"The FLIR overflight did not violate the accused’s constitutional right to be free from unreasonable search and seizure."
Another issue, targeting systems for reported powerful radar assaults could be based on radioactive isotopes or thermal imaging devices.
R. v. Tessling, 2004 SCC 67, 2004 3 SCR 432
Constitutional law — Charter of Rights — Search and seizure — Police using thermal imaging device to take “heat” picture of accused’s home from aircraft without warrant — Whether warrantless use of thermal imaging device violated right against unreasonable search and seizure — Canadian Charter of Rights and Freedoms, s. 8.
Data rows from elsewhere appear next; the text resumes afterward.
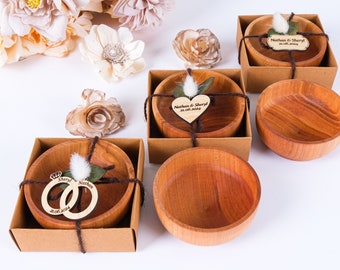 Hochzeit Gefälligkeiten für Gäste Schüssel Cini Holz handgemachte Geschenke, personalisierte Holz türkische Schüssel, rustikale Gefälligkeiten, Brautdusche Gefälligkeiten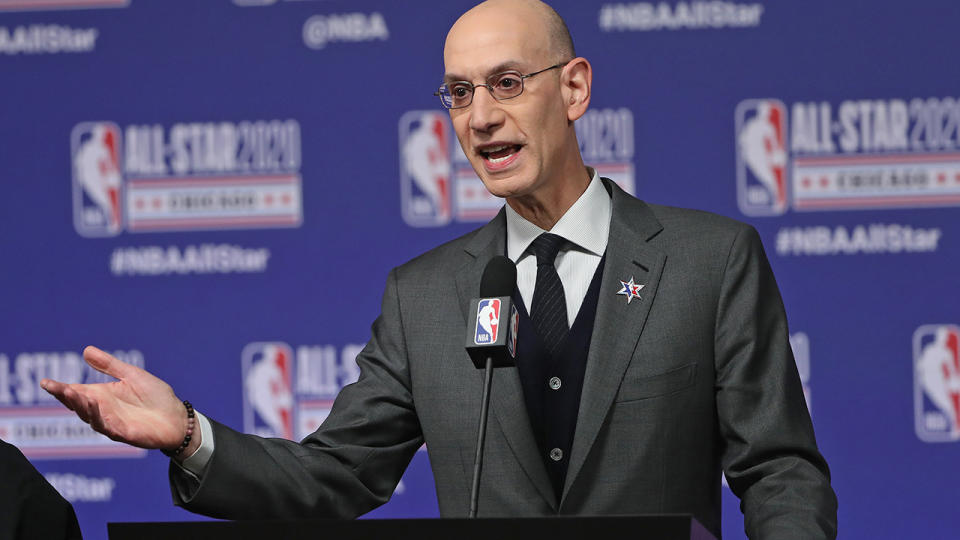 NBA Commissioner Adam Silver, pictured here speaking to the media.
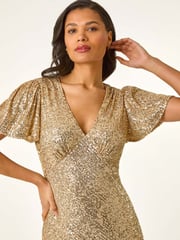 Roman Metallic Brown Sequin Midi Dress - Image 4 of 5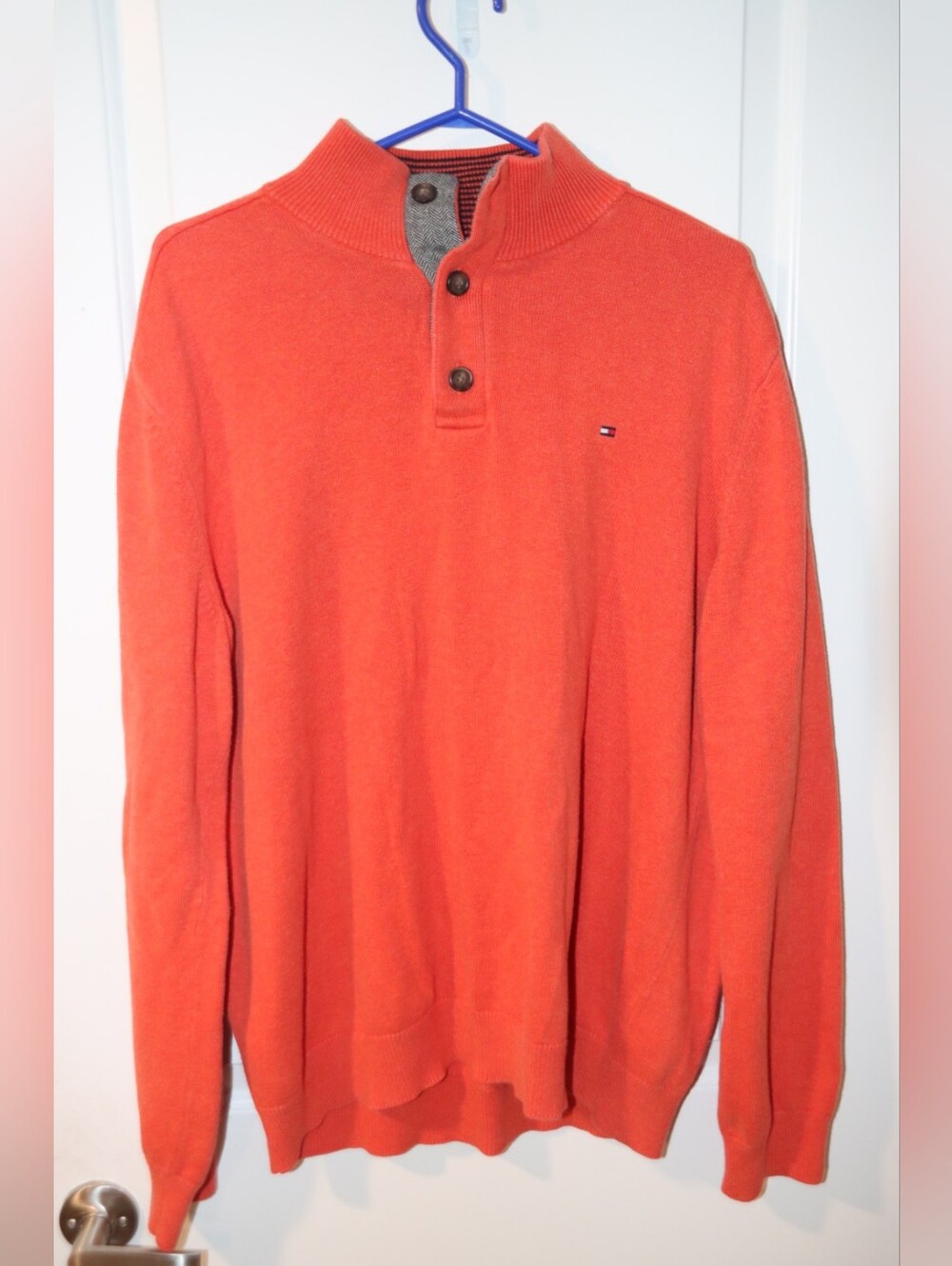 Tommy Hilfiger Silk Cotton Orange Zip-Neck Knit Sweater XL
The RCMP used an airplane equipped with a Forward Looking Infra-Red (“FLIR”) camera to overfly properties owned by the accused. FLIR technology records images of thermal energy or heat radiating from a building. It cannot, at this stage of its development, determine the nature of the source of heat within the building or “see” through the external surfaces of a building. The RCMP were able to obtain a search warrant for the accused’s home based on the results of the FLIR image coupled with information supplied by two informants. In the house, the RCMP found a large quantity of marijuana and several guns. The accused was charged with a variety of drug and weapons offences. At trial, he unsuccessfully argued that the FLIR overflight was a violation of his right to be free from unreasonable search and seizure guaranteed by s. 8 of the Canadian Charter of Rights and Freedoms, and was convicted. The Court of Appeal set aside the convictions. The court found that the use of FLIR technology constituted a search of the accused’s home and, since it was done without a warrant, violated his s. 8 right. The court concluded that the evidence ought to have been excluded and the accused was acquitted on all charges.
Held: The appeal should be allowed. The FLIR overflight did not violate the accused’s constitutional right to be free from unreasonable search and seizure.